**PROBLEM TO WORK ON**
What you output must match the entries exactly, apart from the pictures, which are left out.

**SOURCE INFORMATION**
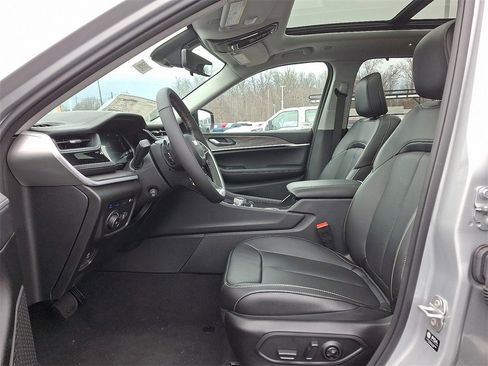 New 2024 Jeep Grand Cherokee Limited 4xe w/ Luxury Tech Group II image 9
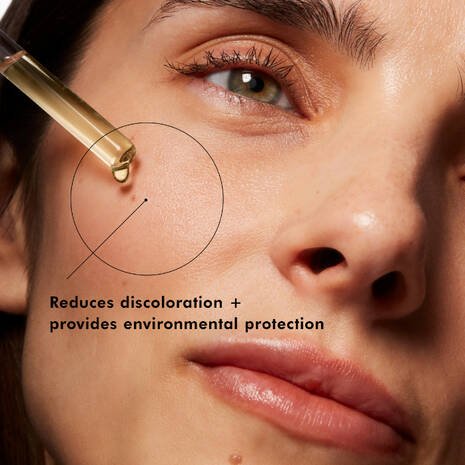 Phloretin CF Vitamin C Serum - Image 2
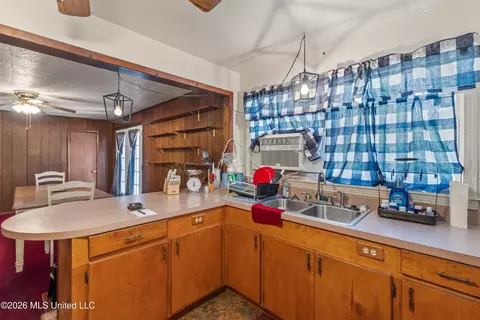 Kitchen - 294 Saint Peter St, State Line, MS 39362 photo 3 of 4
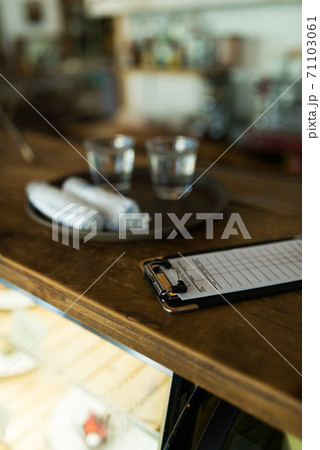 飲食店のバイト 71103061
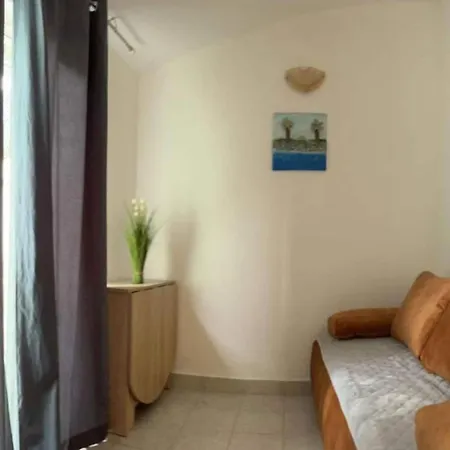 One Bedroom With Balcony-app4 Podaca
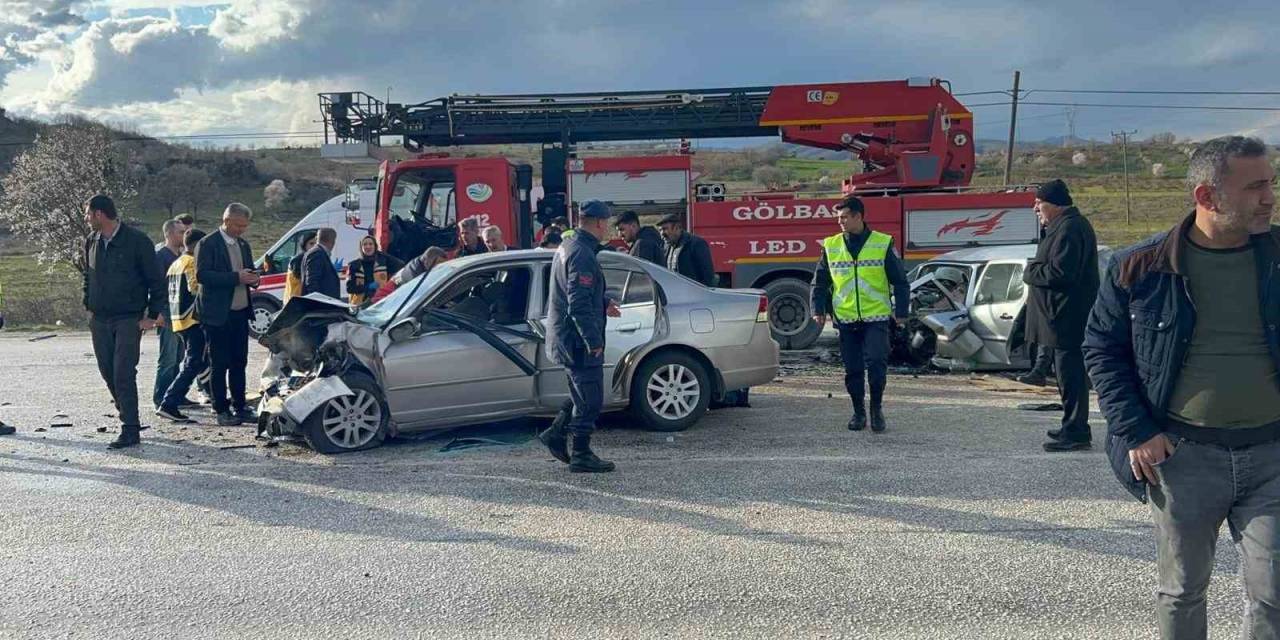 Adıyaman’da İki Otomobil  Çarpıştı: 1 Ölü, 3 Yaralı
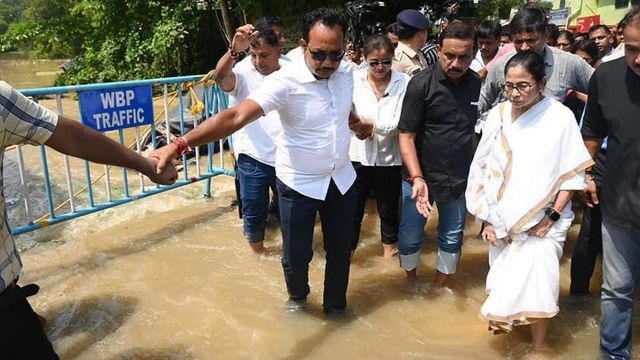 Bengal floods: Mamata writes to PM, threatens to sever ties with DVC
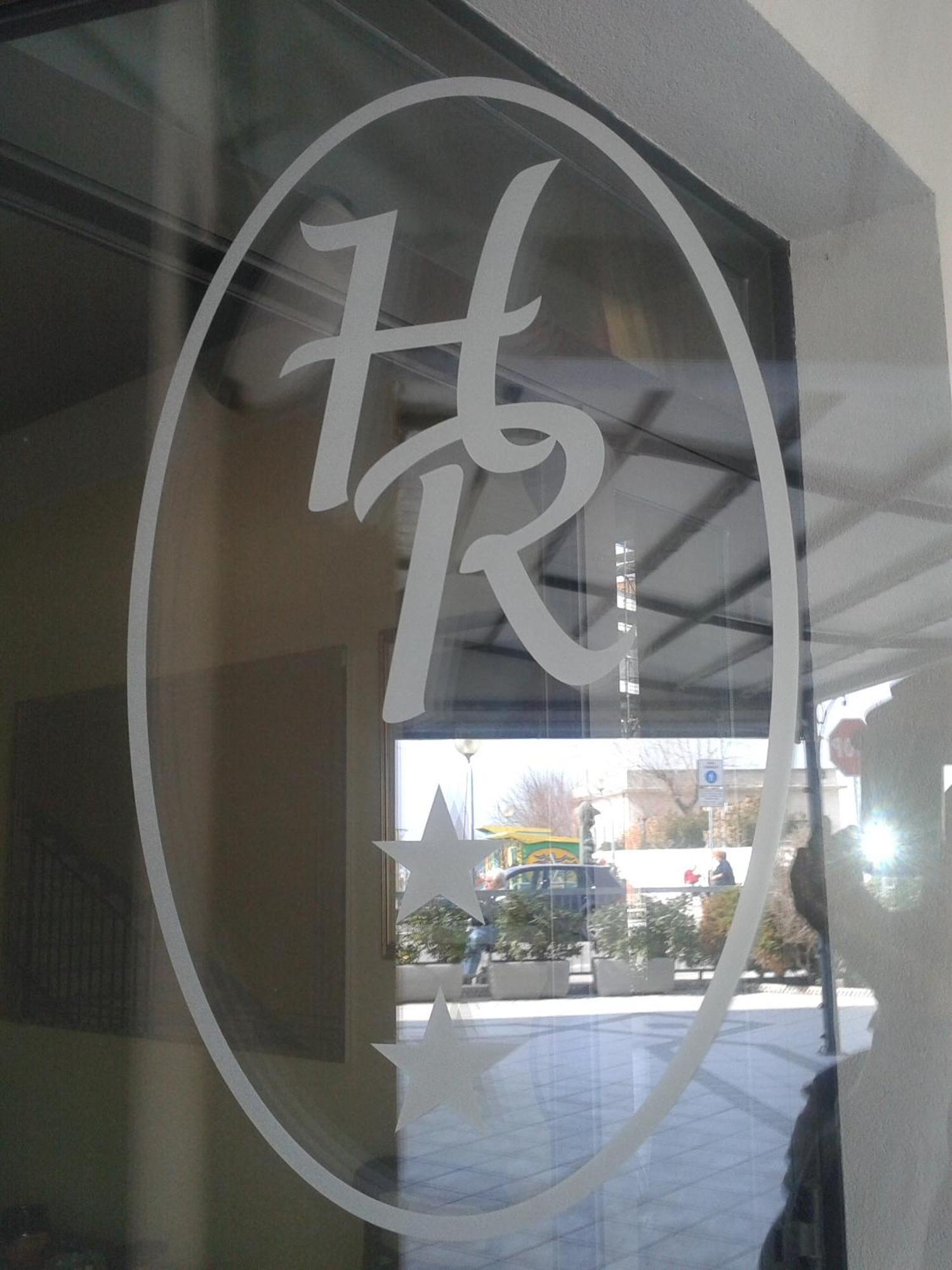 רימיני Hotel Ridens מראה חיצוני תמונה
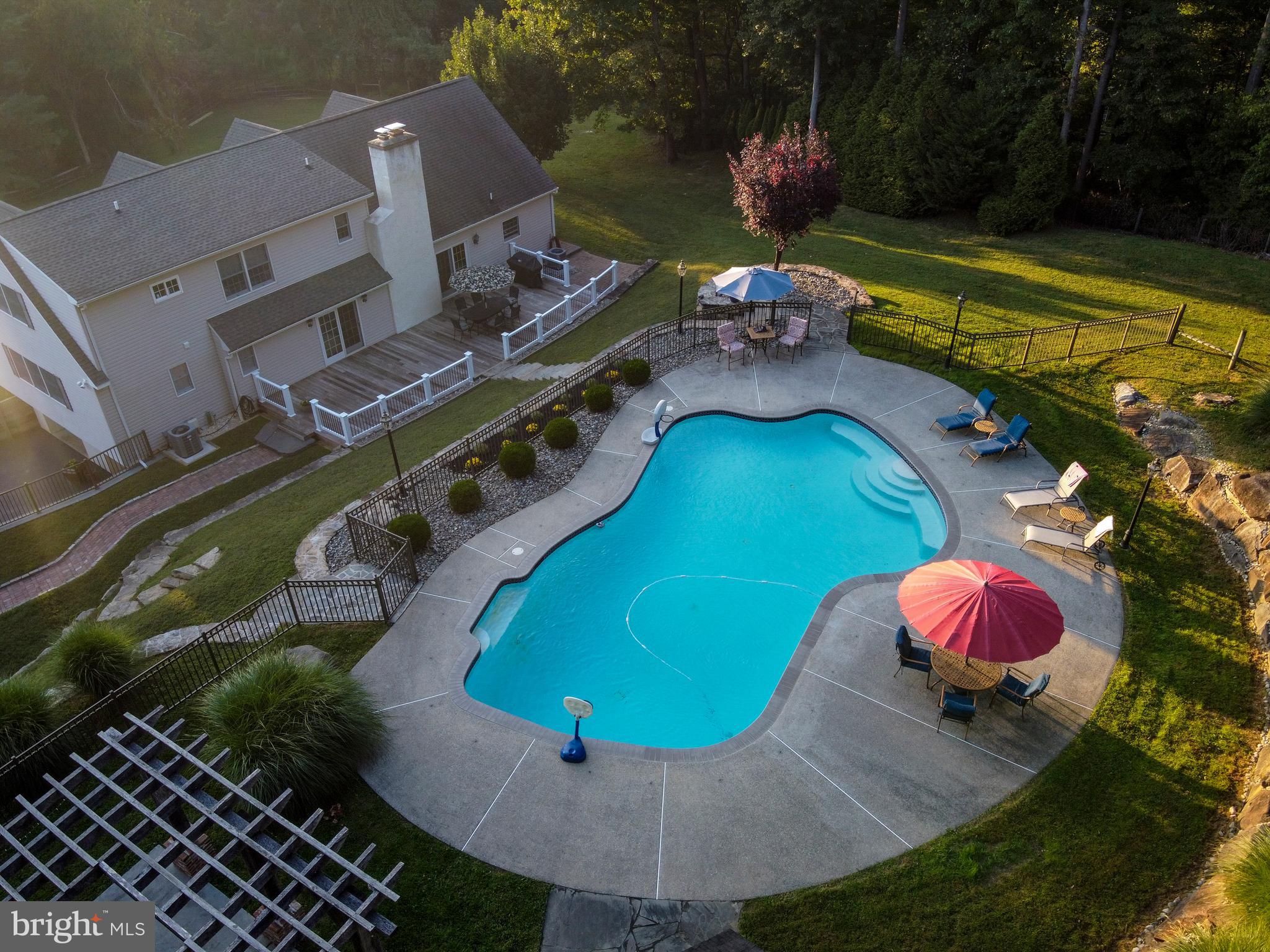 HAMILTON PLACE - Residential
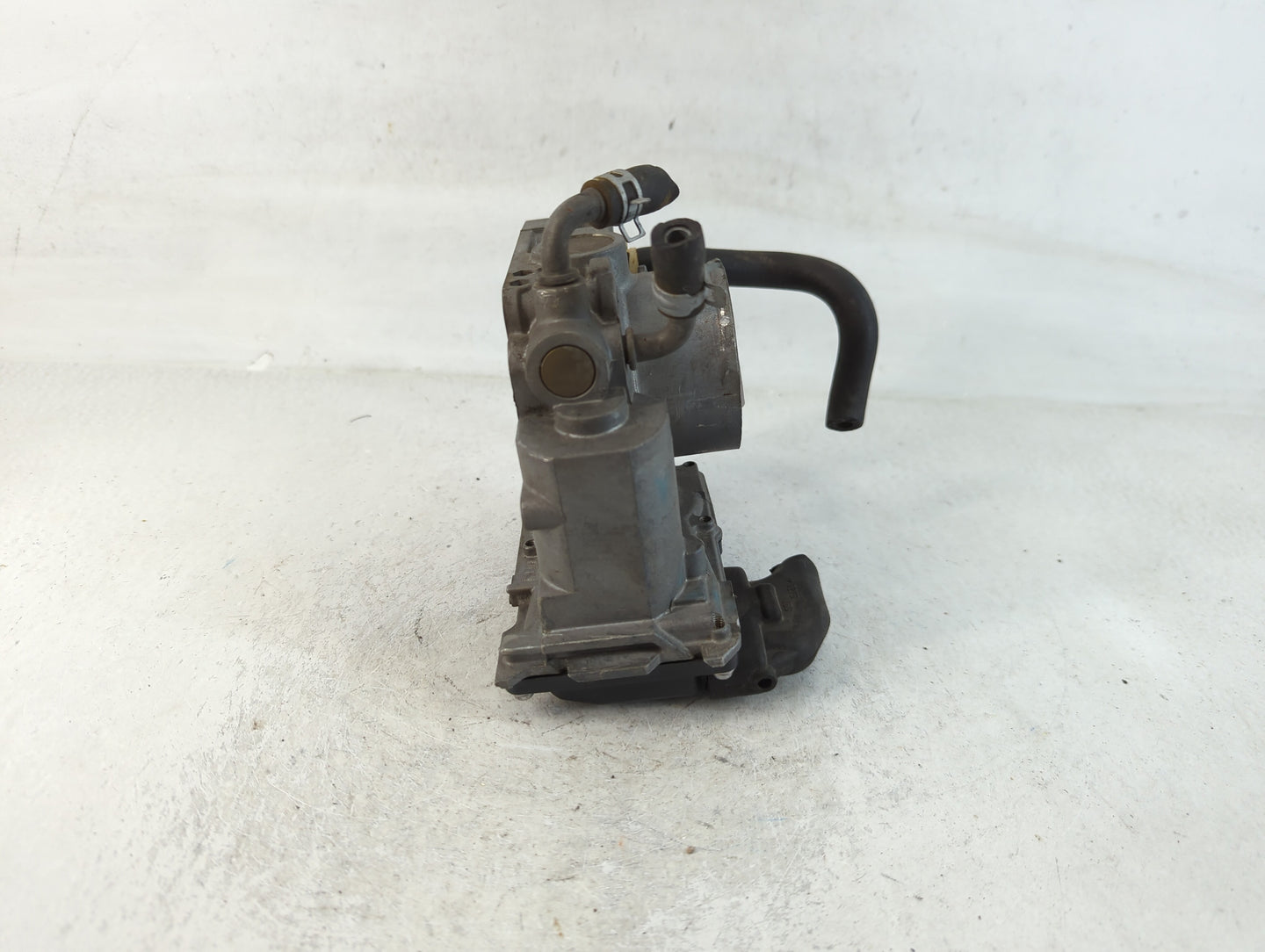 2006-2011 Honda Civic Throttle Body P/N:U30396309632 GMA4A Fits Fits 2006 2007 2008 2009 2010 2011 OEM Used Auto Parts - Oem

**RESPONSE BOX**
 New 2024 Jeep Grand Cherokee Limited 4xe w/ Luxury Tech Group II image 9
 Phloretin CF Vitamin C Serum - Image 2
 Kitchen - 294 Saint Peter St, State Line, MS 39362 photo 3 of 4
 飲食店のバイト 71103061
 One Bedroom With Balcony-app4 Podaca
 Adıyaman’da İki Otomobil  Çarpıştı: 1 Ölü, 3 Yaralı
 Bengal floods: Mamata writes to PM, threatens to sever ties with DVC
 רימיני Hotel Ridens מראה חיצוני תמונה
 HAMILTON PLACE - Residential
 2006-2011 Honda Civic Throttle Body P/N:U30396309632 GMA4A Fits Fits 2006 2007 2008 2009 2010 2011 OEM Used Auto Parts - Oem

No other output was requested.